**What this task involves**
Leave every picture out and return the rest of the listing verbatim.

[Supplied records — start]

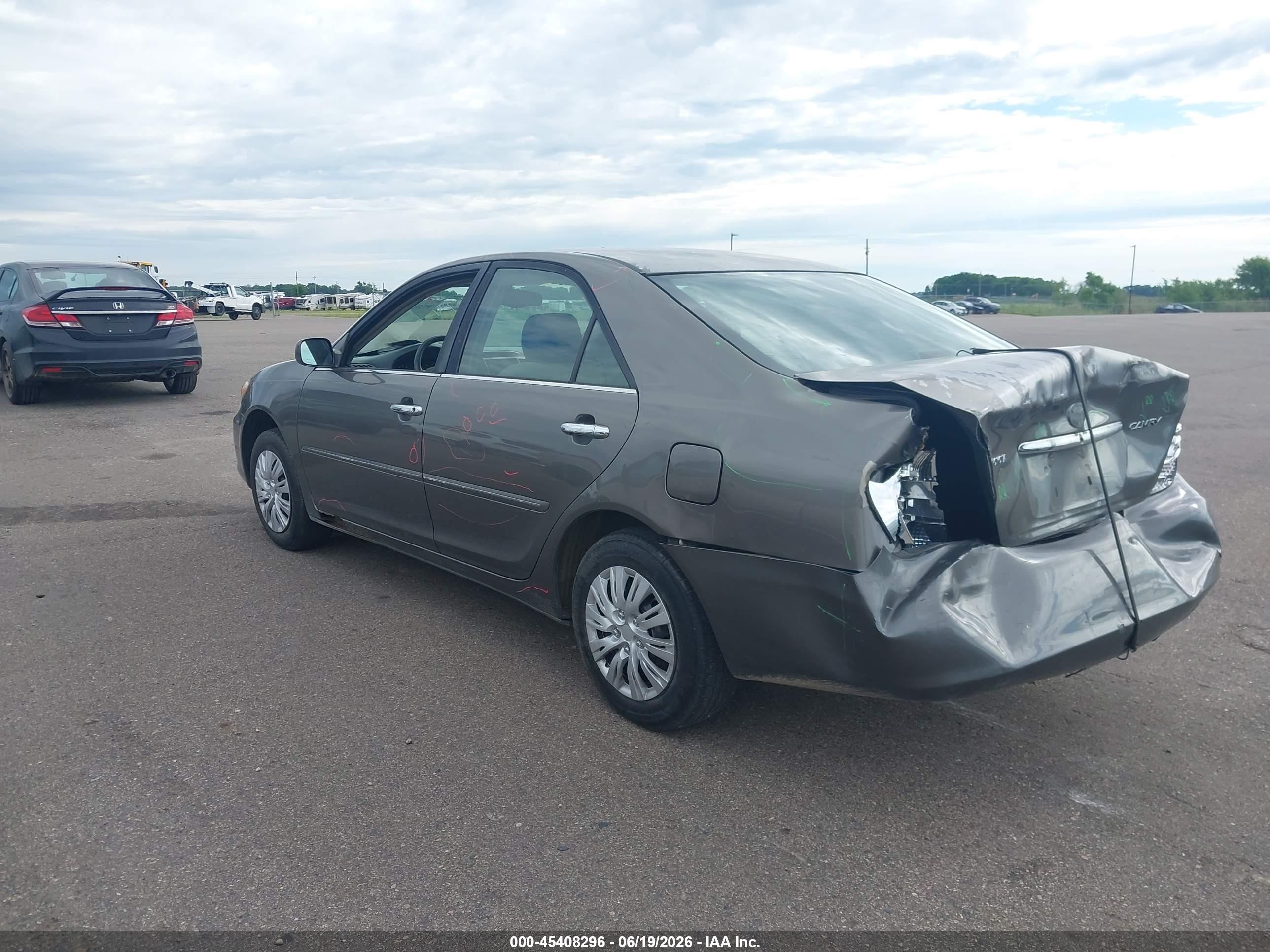 2002 Toyota Camry Xle Silver vin: 4T1BE30K02U566664
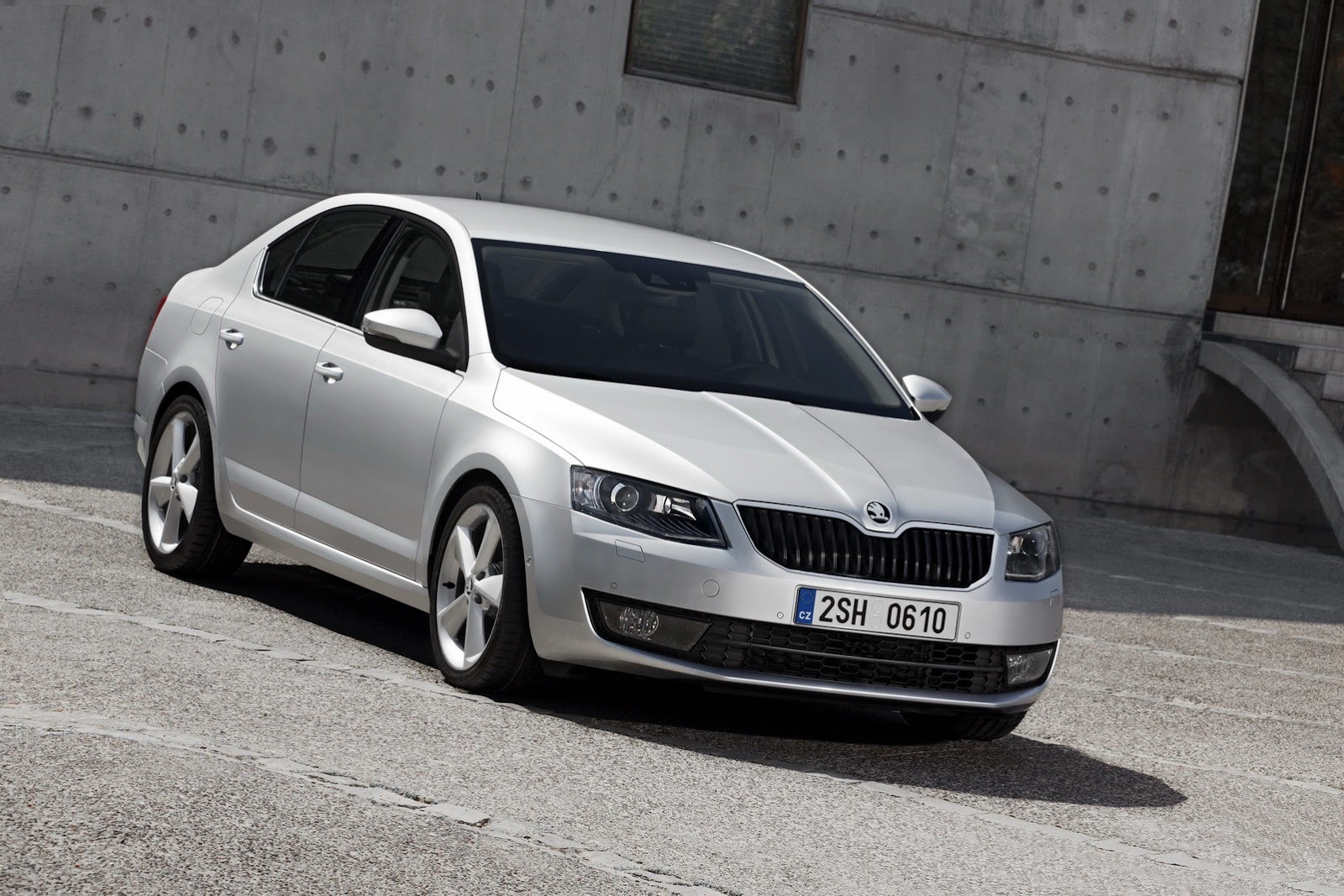 2013-Skoda-Octavia-III-2[2].jpg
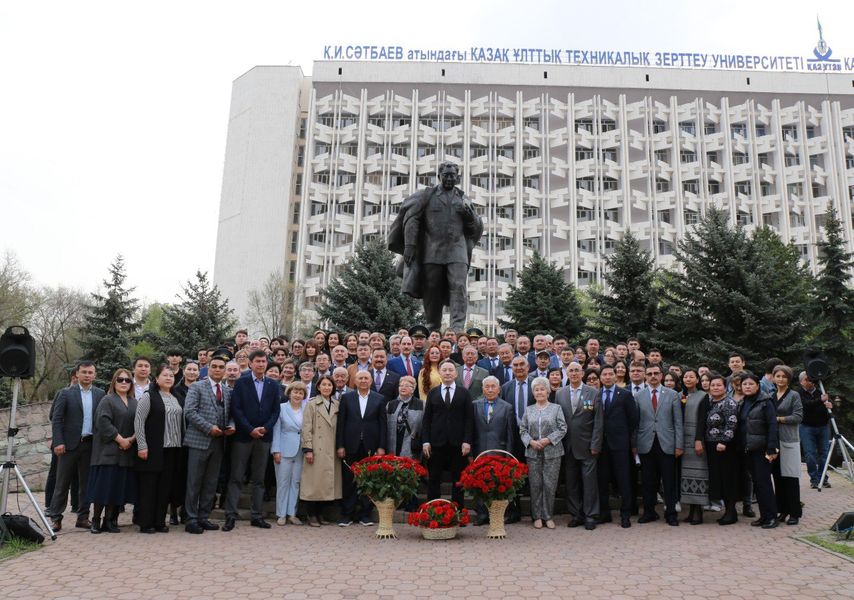 В честь Дня науки в Satbayev University состоялось торжественное возложение цветов к подножию памятника Каныша Сатпаева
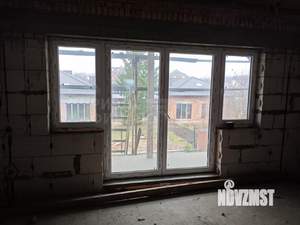 Дом 215м², 2-этажный, участок 6 сот.  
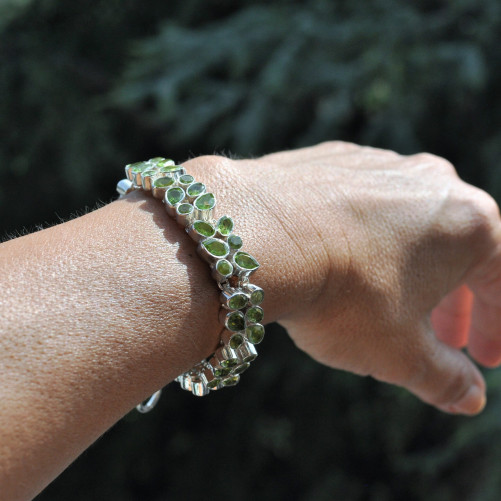 Bracelet argent 2 rangs 47 pierres en péridot facettées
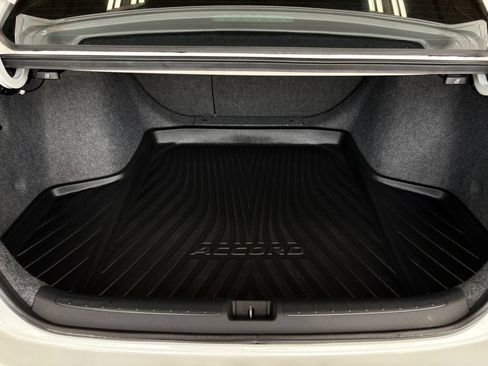 Used 2018 Honda Accord Touring image 24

[Supplied records — finish]

**Output for this exercise**
 2002 Toyota Camry Xle Silver vin: 4T1BE30K02U566664
 2013-Skoda-Octavia-III-2[2].jpg
 В честь Дня науки в Satbayev University состоялось торжественное возложение цветов к подножию памятника Каныша Сатпаева
 Дом 215м², 2-этажный, участок 6 сот.  
 Bracelet argent 2 rangs 47 pierres en péridot facettées
 Used 2018 Honda Accord Touring image 24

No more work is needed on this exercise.